OLORES

Me gusta cómo huelen el disolvente y el campo por las mañanas. Adoro el olor de la cebolla mientras se sofríe, el del césped recién cortado, el de los niños pequeños y el del chocolate.

No me gusta cómo huele la gasolina, ni el incienso, ni el aceite de oliva al calentarse.

Me conmueve el olor de las margaritas y el de algunos hombres que conozco.

Me gusta oler los libros nuevos y la pintura fresca, las mandarinas, el pan aún caliente. Me enloquece el olor de las manzanas asadas y me despierta el del zumo de naranja.

No me gustan los ambientadores ni los brillos de labios cuyo apestoso kiwi tarda varias horas en dejar de estorbar.

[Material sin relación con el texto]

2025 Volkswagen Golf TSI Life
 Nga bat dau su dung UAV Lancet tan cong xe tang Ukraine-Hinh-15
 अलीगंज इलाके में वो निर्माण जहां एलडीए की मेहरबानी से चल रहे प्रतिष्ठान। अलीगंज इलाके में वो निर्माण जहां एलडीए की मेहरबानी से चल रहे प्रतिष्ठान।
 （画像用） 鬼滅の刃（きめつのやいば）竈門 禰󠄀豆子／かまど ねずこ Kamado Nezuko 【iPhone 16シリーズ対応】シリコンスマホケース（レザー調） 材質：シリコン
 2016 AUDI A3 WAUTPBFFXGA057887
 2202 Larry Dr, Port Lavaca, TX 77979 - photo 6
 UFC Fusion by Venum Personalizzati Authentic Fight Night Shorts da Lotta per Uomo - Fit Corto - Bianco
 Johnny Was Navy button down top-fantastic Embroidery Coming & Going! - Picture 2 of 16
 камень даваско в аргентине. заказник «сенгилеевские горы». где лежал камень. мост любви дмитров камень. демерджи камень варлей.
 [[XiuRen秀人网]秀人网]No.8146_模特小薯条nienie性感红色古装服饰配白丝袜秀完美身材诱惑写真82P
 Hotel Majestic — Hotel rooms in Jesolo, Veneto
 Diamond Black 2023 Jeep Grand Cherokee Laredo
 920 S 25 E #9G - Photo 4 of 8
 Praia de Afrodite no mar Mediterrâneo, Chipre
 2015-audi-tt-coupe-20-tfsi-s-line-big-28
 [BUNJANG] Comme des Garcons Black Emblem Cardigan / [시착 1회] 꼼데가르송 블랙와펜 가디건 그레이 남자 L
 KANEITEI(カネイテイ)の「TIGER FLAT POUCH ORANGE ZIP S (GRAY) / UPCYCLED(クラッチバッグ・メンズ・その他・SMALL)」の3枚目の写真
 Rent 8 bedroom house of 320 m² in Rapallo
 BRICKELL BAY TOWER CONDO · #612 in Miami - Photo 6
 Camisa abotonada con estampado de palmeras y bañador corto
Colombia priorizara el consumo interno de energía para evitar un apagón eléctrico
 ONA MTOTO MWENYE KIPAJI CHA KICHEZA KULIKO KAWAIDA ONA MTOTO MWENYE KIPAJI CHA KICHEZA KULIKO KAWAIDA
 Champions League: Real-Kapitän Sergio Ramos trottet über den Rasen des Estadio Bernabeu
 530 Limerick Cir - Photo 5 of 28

No me gustan los hombres que se esconden detrás de una nube de colonia ni las mujeres que dejan el ascensor convertido en una cámara de gas patrocinada por Carolina Herrera.

El olor del café me alegra el corazón y el de leña verde me hace llorar los ojos.

Muchas veces baso mis gustos y mis confianzas en cómo huele la gente y es que, como decían en “El perfume”, a alguien que no huele no se le puede querer. Y por eso, entre otras cosas, el mundo es un lugar aburridísimo cuando uno tiene la nariz tapada.